"Empowering the alert recipients" has been a core principle for our product development since the beginning, driving many of the capabilities that differentiates OpsGenie from the alternatives. We believe that the role of the alerting system does not end with an alert notification that is devoid of any useful information. Sure, we need to make sure the right person is notified when there is a problem, but we cannot declare "mission accomplished" just because we’ve told someone that there is an alert. We believe that if we’re to interrupt someone, at the very least ask for the attention, worst wake them up, we ought to provide the relevant information that would enable them to assess the severity and the urgency of the problem as well.

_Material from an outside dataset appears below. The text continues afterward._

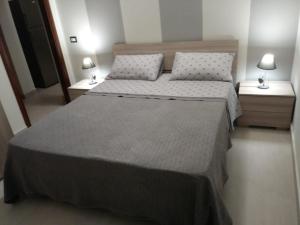 une chambre avec deux lits et deux tables de nuit dans l'établissement Roma 12, à Messina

At OpsGenie, we strive to provide a platform that enables OpsGenie users to design alerts that inform and empower the recipients. Here are some of the core capabilities that enable OpsGenie users to design effective alerts:
An alert model rich enough to convey useful, actionable information
OpsGenie alerts can have as many alert fields and tags as needed, and fields can include URLs. More importantly, information from other tools (images, logs, docs, etc.) can be attached to the alerts as files. These attachments become part of the alert, hence accessible via the OpsGenie apps. Ability to attach files to the alerts is a simple but quite powerful concept. It means that we can enrich the alerts with information from any source. Graphs for the relevant metrics can be retrieved from performance monitoring tools, logs can be searched to extract entries that may explain what’s happening. If there are runbooks (and there should be), they can be included with the alert, accessible by the recipients with no friction. We can include configuration information, as well as the change history that may well enable the recipients to quickly hone in on what the cause of the problem may be.
Compared to receiving an alert that says “you have an alert” (congratulations?), receiving an alert that includes supporting information is is available along with the alert. OpsGenie makes it easy to provide this information but alerts still has to be designed. There is no magic here. It’s still brain sweat to identify the right set of information that may provide insight into the cause and severity of the problem. This paradigm works particularly well when people who will receive the alerts can design their own alerts (self service). Just make it easy for them to include the relevant information and enable them to iterate and improve the alerts as needed.
Automated actions to enrich the alerts
OpsGenie supports a simple yet powerful mechanism that can be used to add the relevant information to alerts. Whenever an alert is created, alert data is passed to an application. Marid can execute a script that can gather the relevant information directly from systems & applications or from management tools, and attach the information to the alert. This is a generic mechanism that would work regardless of which tool generated the alert, and can gather information from any tool or service that provides some sort of an programmable interface whether it’s web based API or CLI.
Executing actions interactively to respond to alerts
OpsGenie support defining “custom actions” when creating alerts. This allows users to execute relevant actions when they receive the alerts directly from OpsGenie apps. When user initiates an action from OpsGenie, alert data and the action executed by the user gets passed to Marid. Marid can execute the corresponding script to gather the relevant data and post it to the alert. This capability not only enables users to execute investigative and even corrective actions rapidly from OpsGenie apps, but also provides visibility into everything that is done to investigate the users since the actions and the results are posted to the alert. As a result, if the alert is escalated, team members joining in don’t have to start over.
Bi-directional integration with group chat tools to enable ChatOps
OpsGenie provides direct integration with Campfire, HipChat and Slack, and can be integrated into IRC and others via webhooks or marid. At OpsGenie, we use group chat rooms for team communications, and we’ve integrated most of the tools we use for development and operations with our chat system, and we forward alerts to the chat system as well. The information posted from various tools that we use as well as actions executed by team members provide valuable context that can potentially help in analysis of the alerts. Upon receiving an alert notification, a quick look at the chat history can reveal what changed recently, what others are working on, etc. Here is a short screencast on executing investigative actions from a chat room using OpsGenie for a glimpse of what can be achieved using this approach
Realization that we do need to “design” alerts is the first and probably the most important step. Regardless of what your tooling is, do invest time in designing effective alerts. It’s worth it and future you will thank you for it.